(The following appeared in the November 1st edition of Article 25)
It’s nice to know when people make a one dollar donation to Article 25; they actually read the good words that are printed here. I’m not sure if my words are good or not, but at least I made an impression on someone and he, in turn, has made an impression on me.
This person, let’s call him Mitch, picked up a copy of the August edition of Article 25 where, in this column, I wrote “Someone Wants to Meet You at Cornerstone,” a column about the Cornerstone Project at 10th and Madison in Covington, Kentucky. Cornerstone is a religious organization that provides various free services for people in the area.
I like the people who run it. Toward the end of the column, I state that I’m not a religious person, but that the people at Cornerstone have their hearts in the right place. I still believe that. So does Mitch.
Somehow, Mitch found my email address and sent me a note. He said he wanted to meet up with me for lunch—his treat—at a restaurant of my choosing. Freelance writers never turn down a free lunch. I emailed Mitch back saying I could meet him at Covington Chili. This would be on a Tuesday at noon.

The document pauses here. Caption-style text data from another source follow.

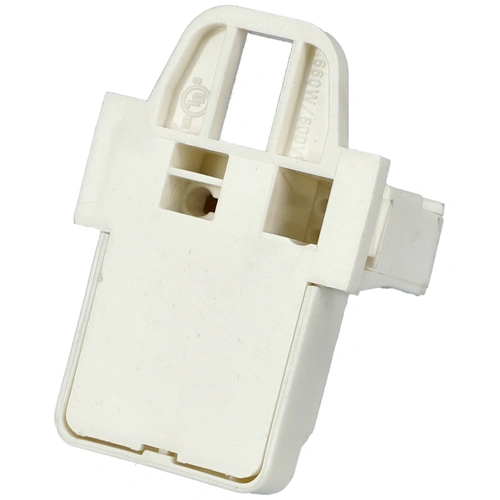 Foglalat (neon, eredeti) WHIRLPOOL páraelszívó / RENDELÉSRE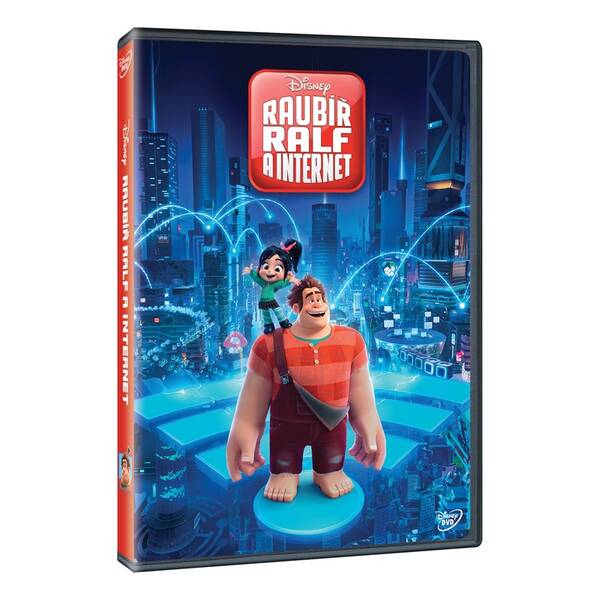 DVD Disney  

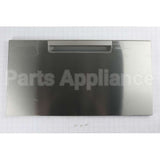 513204 Fisher Paykel Door Assy Lwr Dd60Dcx9 V2 (Sp)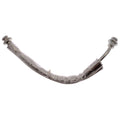 CLUTCH HOSE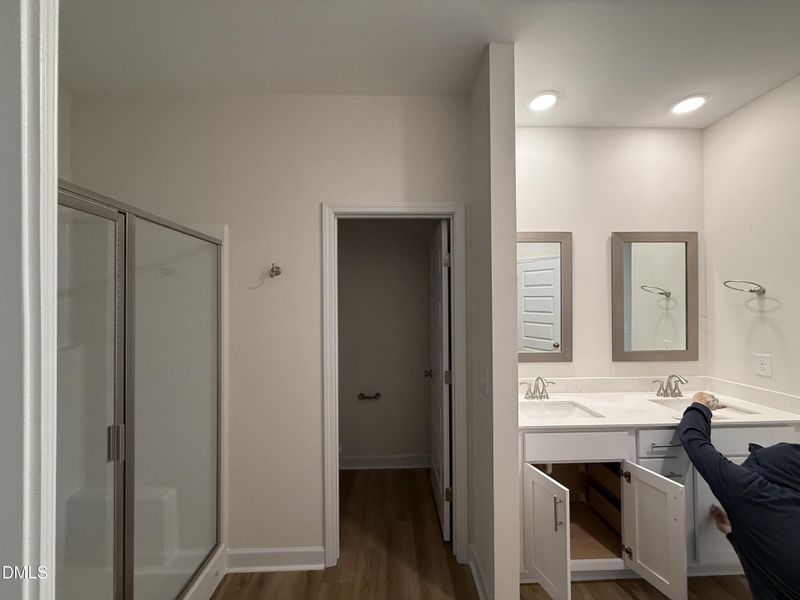 12.08.25 7 12.08.25 7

I got there exactly on time and there was Mitch sitting in a booth towards the front of the restaurant. He’s a young guy, probably in his 30’s with short black hair, brown eyes and he was wearing a plaid shirt and jeans. We shook hands.

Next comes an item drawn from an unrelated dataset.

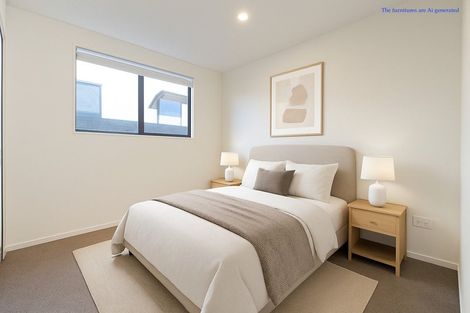 Photo of property in 25 Tahere Road, Totara Park, Auckland, 2019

I asked him if he had been waiting long. Mitch said only a few minutes. Our waitress came over for our drink order. We just wanted water.
After the waitress left, Mitch told me he liked the Cornerstone column in Article 25, told me he knows some of the people who work there and then told me he’s a missionary who works for an organization very much like Cornerstone. He’s also a writer, has written two self-published books on religion.
We talked about writing habits for a little bit—then our waitress came back over for our food order. Mitch looked at the waitress and told her he wasn’t that hungry, then looked at me and said to order anything I wanted. I wasn’t that hungry either. I asked our waitress to bring me a grilled cheese sandwich on wheat along with some chips.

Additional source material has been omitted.